I am told it is so easy to express. It really is not, but society sometimes does not understand that. That is like saying; stop feeling down when you clearly have chronic depression. I don’t want anyone to act like I do not have any feelings. Hearing about how much you like me as a person or how you really feel about me will not scare me away. I actually want to know what is on your mind. I am a very good listener. However, do not think because you open up to me, means it is easier for me to open up. It is not. It seriously takes time.
When someone asks me how I am doing, I always say “I’m Fine”. I am not trying to lie to you; I just hate the fact that I have feelings. I do not want to make a big deal about how I feel. I just don’t want to be a bother. You can help me get my feelings out, but do not force them out.
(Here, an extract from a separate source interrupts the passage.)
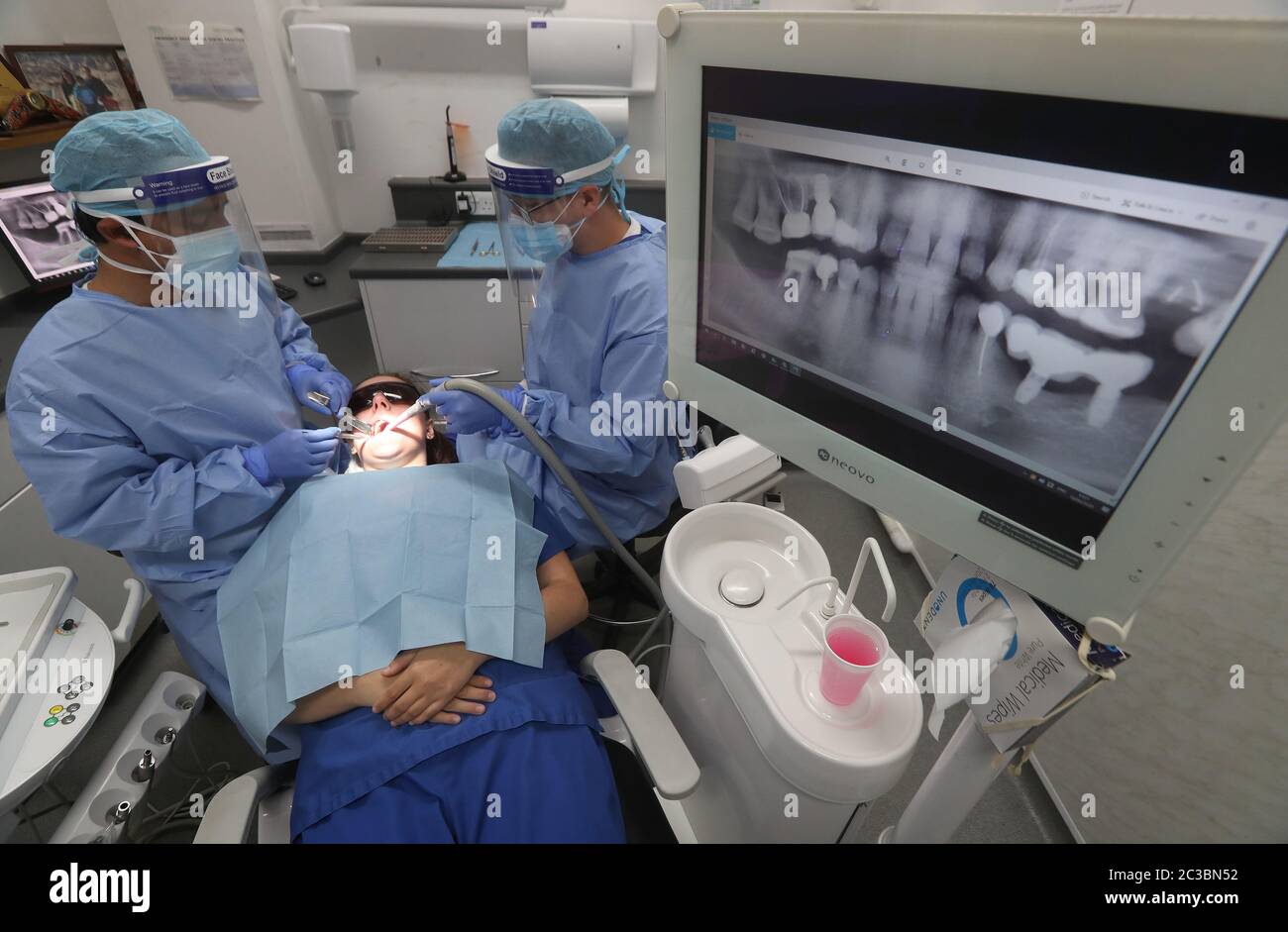 Le chirurgien dentaire et spécialiste, Girish Bharadwaj(L), en compagnie de l'infirmière Mark Scott, démontre la pratique professionnelle de la chirurgie dentaire et orale d'Achilview à Armadale, après l'annonce que l'Écosse passera à la deuxième phase de son plan en quatre étapes pour se détendre. Banque D'Images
It takes a lot of time.
I never want to shut anyone out and I really want to express how I feel (about things and life in general). I just never have the right words. If I love you, trust me, I will say it over and over until it gets on your nerves. I am not a tough as I look or sound. I will appear heartless or cold as first glance, because I need to protect myself emotionally. Yes, I have a fear of rejection as well, because I do not want to express my opinions or my feelings and I end up totally wrong about them or criticized for them.
If I cry, I can’t cry in front of anyone. I do not want to push anyone away either. I actually really care. Sometimes, I care too much. However, I am forced and have to be to everyone’s expectations and I remain quiet. This is a very extroverted world we all live in and introverts, like myself, do not really belong. I know this and that is why I suck at expressing my opinions, concerns, and feelings to others.